In advance of her March 2018 retirement as police chief, Shelley Zimmerman exercises her travel muscle.
As she counts down the days until her lucrative retirement on the city’s notorious Deferred Retirement Option Plan, widely known as DROP, San Diego chief of police Shelley Zimmerman has increasingly taken to the road, courtesy of taxpayers. That word comes via travel-expense documents posted on the city’s public records web page.
Already this year Zimmerman has logged at least five major out-of-town trips. On February 2, she went to Washington DC for two days at the Major Cities Chiefs Meeting, running up a $1653 tab. In March she headed for Palm Springs to attend the San Diego County Chiefs and Sheriffs Association annual training, at a cost of $924. There the chief shared “information on current concerns and issues that could impact the city of San Diego,” per her travel report. In May it was off to Sacramento for the California Peace Officers Memorial ceremony, costing taxpayers $762. Four days after she got back from that event, Zimmerman jetted off for Washington again, this time for the National Law Enforcement Memorial, running up total expenses of $2018. At the end of the month, the chief traveled to Las Vegas for the Police Executive Research Forum’s annual meeting, to “share information on different issues that could impact the city of San Diego,” costing $691.
As first revealed here in February 2014, shortly after Zimmerman was named police chief by newly elected mayor Kevin Faulconer the city acknowledged that she would have to depart after four years. Zimmerman “entered DROP on March 2, 2013, and will exit DROP on March 1, 2018. DROP is irrevocable, and as such, a DROP participant must exit DROP at the end of the designated period.”

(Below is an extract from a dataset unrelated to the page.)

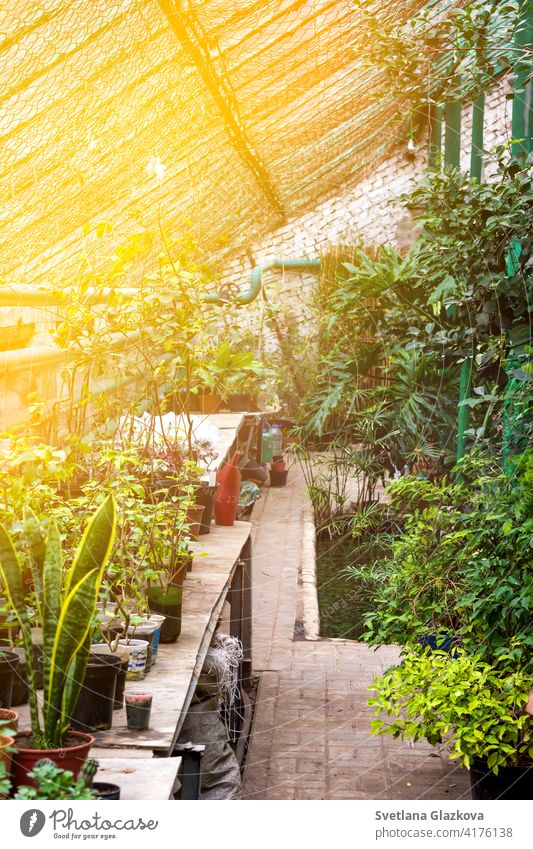 Greenhouse glasshouse sunny interior full of fresh green plants. Modern interior architecture design. Natural Indoor decorative plants. Lush botanical garden. Beautiful spring background.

That started the clock ticking on Zimmerman’s lame-duck tenure, during which she has received both her chief’s salary and benefits along with six-figure annual pension payouts from her prior 31 years of service. Under the terms of the controversial program, the chief’s pension — about 85 percent of her 2013 salary — has been about $131,000 a year, per a Union-Tribune report, tucked away for her in a savings account until the day she leaves the city. The nest egg will be worth a tidy $654,729 by the time Zimmerman departs the city, according to the paper’s calculations.
Additionally, Zimmerman’s annual compensation and benefits as chief during 2016 totaled $234,841, according to Transparent California, which notes “The City of San Diego does not provide the cost of pension benefits on an employee level and, as such, the ‘total benefits’ value reported is incomplete and significantly understated.”